As with earlier industrial revolutions, a standard chorus across the AI revolution is that new jobs will crop up in the long term — we simply don’t know what they’re but.
“There’s going to be plenty of job creation, too,” Mitchell Green, founding father of funding agency Lead Edge Capital, mentioned at Davos. “If you consider when the iPhone got here out in 2007 — Uber and Airbnb at the moment are $100 billion firms. [They] couldn’t have existed earlier than this. Where the alternatives might be are the businesses that we’re not even serious about but — they’re going to be these subsequent large companies.”
That doesn’t imply there received’t be an entire heap of ache within the brief time period, although. And as we’re already seeing with Chinese AI sensation DeepSeek, the speed of AI’s advance is critical when it comes to cost-to-performance ratio of AI fashions. And this might be a key differentiator versus earlier industrial and technological revolutions: We may not be capable of adapt rapidly sufficient.
“I do assume there’s plenty of speak about when it comes to retraining and upskilling,” Liu mentioned. “But there’s one thing fairly distinctive concerning the tempo of developments and the way rapidly these fashions are getting higher, particularly the place we’re seeing these AI programs do the work of complete groups.”
“Manager of AIs”
There was a common consensus among the many panel that whatever the charge of change, everybody should be taught not solely to dwell with AI, but additionally learn to use it to thrive within the office.

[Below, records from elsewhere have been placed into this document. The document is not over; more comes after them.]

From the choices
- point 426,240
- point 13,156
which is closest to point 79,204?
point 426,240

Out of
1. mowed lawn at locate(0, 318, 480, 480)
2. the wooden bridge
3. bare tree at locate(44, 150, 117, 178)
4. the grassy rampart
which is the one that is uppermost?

With You.com, for instance, firms can entry its API to carry real-time net search to any giant language mannequin (LLM). While it presents its personal suite of brokers for particular duties, firms can even create their very own customized brokers, selecting their most popular AI mannequin and giving it directions based mostly on no matter sources of information they should join.

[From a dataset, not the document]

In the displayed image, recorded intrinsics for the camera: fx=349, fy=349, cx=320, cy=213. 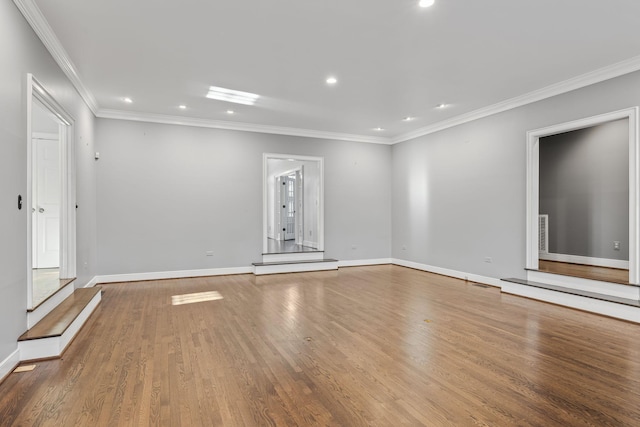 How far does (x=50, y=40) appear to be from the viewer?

“We, as CEOs, are going to be the primary technology that manages folks and AI,” You.com CEO Richard Socher mentioned at Davos. “But I feel essentially the most attention-grabbing change right here is definitely that each particular person contributor, each worker, goes to turn into a supervisor of AIs. And in that sense, everybody goes to turn into form of an entrepreneur.”
So the jury remains to be very a lot out on whether or not we’ll ever see a real one-person unicorn firm. However, the precept behind the sentiment has already form of been confirmed, as we’ve seen with the insanely excessive value-to-headcount ratio of WhatsApp, which labored out at $345 million for every worker on the time Facebook purchased it.

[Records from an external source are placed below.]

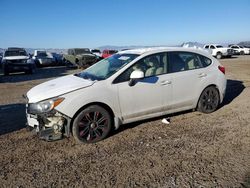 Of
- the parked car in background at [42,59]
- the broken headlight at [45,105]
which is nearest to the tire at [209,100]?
the broken headlight at [45,105]

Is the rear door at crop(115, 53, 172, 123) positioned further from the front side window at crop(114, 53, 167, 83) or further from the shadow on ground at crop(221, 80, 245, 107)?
the shadow on ground at crop(221, 80, 245, 107)

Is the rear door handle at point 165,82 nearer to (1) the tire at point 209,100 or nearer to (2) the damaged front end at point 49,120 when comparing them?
(1) the tire at point 209,100

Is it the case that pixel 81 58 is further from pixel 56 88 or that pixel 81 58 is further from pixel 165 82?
pixel 56 88

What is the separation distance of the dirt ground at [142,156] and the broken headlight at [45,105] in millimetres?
666

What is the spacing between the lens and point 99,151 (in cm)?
452

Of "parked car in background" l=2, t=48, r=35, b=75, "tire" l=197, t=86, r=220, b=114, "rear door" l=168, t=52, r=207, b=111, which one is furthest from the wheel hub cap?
"parked car in background" l=2, t=48, r=35, b=75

Even Nvidia, with a market cap of greater than $3 trillion, has a comparatively slender workforce of fewer than 30,000 staff — that’s the equal of round $100 million in worth per worker.
With the precise sort of firm, and the precise execution, it’s tough to see how AI received’t nudge these greenback figures north because the headcount heads south. But in all probability, it can simply come down as to whether there’s a need for one particular person to construct alone, with sufficient entrepreneurial information to embed a powerful, defensible enterprise mannequin that another person can’t simply replicate on the drop of a hat.
But whether or not society will likely be able to deal with that is a completely totally different query.